Little hands will love making these darling little holiday cookies.
Cookie
- 100 g unsalted butter, softened
- 50 g sugar
- 1 tsp vanilla extract
- 170 g plain gluten free flour blend
- 40 g cornstarch
- 1 tsp ground cinnamon
- ½ tsp xanthan gum (Omit if your GF flour blend already contains xanthan gum.)
- ¼ tsp salt
Topping
- 75 g sugar
- 1 tsp ground cinnamon
Instructions
- Pre-heat the oven to 350ºF
- In a large bowl, using a wooden spoon, mix together the softened butter, sugar and vanilla until combined.
- Sift together the gluten free flour blend, cornstarch, cinnamon, xanthan gum and salt, and add them to the butter-sugar mixture. Mix well until combined.
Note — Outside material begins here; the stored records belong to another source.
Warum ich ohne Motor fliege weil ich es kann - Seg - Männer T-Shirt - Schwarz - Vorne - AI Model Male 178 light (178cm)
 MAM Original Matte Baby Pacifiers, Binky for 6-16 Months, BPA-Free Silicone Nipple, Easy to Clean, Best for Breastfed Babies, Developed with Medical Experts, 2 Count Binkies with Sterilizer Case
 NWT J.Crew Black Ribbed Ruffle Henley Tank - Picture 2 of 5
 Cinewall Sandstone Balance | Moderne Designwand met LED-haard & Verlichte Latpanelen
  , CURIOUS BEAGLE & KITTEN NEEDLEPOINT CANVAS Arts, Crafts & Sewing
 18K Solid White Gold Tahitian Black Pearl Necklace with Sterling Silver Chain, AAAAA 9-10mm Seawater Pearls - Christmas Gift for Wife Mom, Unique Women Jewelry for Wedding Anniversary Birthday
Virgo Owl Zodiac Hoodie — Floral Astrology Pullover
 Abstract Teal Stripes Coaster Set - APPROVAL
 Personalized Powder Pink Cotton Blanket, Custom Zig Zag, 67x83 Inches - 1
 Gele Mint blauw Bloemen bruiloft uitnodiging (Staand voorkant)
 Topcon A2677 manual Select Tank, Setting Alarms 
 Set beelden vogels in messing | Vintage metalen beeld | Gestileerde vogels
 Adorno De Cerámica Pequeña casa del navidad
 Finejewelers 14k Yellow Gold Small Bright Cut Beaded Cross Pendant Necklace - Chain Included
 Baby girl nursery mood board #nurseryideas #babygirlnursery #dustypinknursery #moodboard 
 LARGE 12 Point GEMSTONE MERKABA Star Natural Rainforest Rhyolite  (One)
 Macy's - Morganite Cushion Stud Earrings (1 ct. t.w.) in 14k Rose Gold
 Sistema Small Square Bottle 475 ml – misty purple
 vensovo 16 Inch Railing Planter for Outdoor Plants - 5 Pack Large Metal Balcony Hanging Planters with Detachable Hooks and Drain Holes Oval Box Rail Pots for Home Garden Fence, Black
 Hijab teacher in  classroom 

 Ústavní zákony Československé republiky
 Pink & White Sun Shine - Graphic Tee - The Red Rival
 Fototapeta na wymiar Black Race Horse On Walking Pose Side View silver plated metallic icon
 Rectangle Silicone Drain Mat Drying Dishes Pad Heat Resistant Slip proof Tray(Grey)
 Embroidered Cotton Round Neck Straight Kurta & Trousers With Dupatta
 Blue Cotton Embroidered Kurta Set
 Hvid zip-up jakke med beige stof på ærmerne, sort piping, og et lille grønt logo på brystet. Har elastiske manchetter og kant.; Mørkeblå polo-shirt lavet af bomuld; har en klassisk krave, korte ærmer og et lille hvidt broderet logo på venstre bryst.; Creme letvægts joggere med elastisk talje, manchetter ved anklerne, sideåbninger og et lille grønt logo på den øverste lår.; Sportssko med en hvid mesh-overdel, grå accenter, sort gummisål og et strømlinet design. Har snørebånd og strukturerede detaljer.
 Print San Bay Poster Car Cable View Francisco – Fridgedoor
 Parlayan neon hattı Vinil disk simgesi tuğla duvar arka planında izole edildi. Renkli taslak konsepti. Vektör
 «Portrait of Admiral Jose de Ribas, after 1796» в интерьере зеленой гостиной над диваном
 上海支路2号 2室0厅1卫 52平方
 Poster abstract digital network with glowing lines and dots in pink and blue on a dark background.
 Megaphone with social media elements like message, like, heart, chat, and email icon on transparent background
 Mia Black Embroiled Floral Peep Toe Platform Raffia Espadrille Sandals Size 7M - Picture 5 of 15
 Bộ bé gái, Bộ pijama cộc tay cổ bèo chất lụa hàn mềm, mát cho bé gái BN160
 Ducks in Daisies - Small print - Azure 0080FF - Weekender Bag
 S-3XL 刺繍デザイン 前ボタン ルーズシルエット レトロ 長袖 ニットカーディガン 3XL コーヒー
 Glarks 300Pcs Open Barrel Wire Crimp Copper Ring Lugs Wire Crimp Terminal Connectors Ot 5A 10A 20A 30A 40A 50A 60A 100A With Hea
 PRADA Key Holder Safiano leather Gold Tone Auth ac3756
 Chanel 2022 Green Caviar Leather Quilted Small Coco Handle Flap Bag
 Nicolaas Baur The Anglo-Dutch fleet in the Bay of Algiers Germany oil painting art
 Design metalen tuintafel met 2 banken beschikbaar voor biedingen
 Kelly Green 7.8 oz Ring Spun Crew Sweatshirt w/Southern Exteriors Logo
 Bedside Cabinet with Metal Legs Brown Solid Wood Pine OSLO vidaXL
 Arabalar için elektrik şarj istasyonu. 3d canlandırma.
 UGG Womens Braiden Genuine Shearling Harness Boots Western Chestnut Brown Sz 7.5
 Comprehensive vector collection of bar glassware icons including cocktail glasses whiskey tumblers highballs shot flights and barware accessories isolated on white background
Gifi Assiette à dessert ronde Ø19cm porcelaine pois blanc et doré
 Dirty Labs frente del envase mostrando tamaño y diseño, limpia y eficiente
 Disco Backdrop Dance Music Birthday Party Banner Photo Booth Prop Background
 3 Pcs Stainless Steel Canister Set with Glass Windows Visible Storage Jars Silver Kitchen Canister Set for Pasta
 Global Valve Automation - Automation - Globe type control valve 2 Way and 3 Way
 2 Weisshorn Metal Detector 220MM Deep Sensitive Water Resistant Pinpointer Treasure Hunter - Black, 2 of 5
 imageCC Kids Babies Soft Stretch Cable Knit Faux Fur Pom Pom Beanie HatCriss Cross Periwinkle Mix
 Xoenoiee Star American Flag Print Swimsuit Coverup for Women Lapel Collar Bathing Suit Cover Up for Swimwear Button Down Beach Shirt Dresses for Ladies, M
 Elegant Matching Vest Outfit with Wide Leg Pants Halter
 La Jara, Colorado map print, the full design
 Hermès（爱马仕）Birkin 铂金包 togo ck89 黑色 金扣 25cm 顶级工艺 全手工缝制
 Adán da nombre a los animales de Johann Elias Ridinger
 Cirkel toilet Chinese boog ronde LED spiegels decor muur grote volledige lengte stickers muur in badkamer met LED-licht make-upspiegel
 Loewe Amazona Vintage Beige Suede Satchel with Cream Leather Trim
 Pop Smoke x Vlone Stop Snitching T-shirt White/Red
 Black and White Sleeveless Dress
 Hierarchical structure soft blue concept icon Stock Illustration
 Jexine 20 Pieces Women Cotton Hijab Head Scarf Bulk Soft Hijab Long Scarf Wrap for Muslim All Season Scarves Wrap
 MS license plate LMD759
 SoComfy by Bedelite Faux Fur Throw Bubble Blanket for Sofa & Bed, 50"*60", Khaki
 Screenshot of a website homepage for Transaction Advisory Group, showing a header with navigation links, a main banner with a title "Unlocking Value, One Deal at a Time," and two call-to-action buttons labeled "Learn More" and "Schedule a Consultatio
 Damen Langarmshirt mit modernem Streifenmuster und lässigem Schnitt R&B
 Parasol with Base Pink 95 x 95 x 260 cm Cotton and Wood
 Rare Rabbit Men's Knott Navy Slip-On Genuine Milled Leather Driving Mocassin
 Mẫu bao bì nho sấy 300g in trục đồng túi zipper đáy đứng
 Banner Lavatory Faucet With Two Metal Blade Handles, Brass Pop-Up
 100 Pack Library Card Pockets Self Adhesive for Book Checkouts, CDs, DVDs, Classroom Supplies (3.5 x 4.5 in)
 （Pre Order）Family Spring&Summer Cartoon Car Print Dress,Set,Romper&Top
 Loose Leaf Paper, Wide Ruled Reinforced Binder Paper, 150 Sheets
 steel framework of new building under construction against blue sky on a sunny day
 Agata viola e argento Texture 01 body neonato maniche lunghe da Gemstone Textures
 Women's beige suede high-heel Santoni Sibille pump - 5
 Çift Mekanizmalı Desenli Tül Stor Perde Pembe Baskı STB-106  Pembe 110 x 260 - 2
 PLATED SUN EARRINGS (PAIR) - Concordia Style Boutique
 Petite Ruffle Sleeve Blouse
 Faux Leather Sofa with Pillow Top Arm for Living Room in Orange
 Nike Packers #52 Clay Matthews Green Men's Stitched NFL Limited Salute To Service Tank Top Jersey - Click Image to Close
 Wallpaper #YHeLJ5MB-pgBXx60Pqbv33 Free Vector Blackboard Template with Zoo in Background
Initially, you’ll get a VERY CRUMBLY dough
- Knead the dough by hand until it comes together in a ball – this might take up to 5 minutes, but the dough should come together eventually. (See post for photos.)
- Roll out the cookie dough between two sheets of parchment paper
- Cut out your cookies
- Mix together the sugar and cinnamon for the cinnamon sugar, and place the mixture into a shallow bowl or a deep plate.
- Press one side of a cookie into the cinnamon-sugar mixture. Then, flip it around and press the other side into cinnamon sugar as well (be gentle: the cookies are fairly delicate). Transfer to a lined baking sheet and repeat with the rest of the cookie dough (re-rolling the scraps as you go along until you use up all the cookie dough). You don’t need to space the cookies widely apart, as they don’t spread significantly during baking.
- Bake at 350ºF for 16-18 minutes until light golden brown.
- Allow to cool on the baking sheet for about 5 minutes, then transfer to a wire cooling rack to cool completely.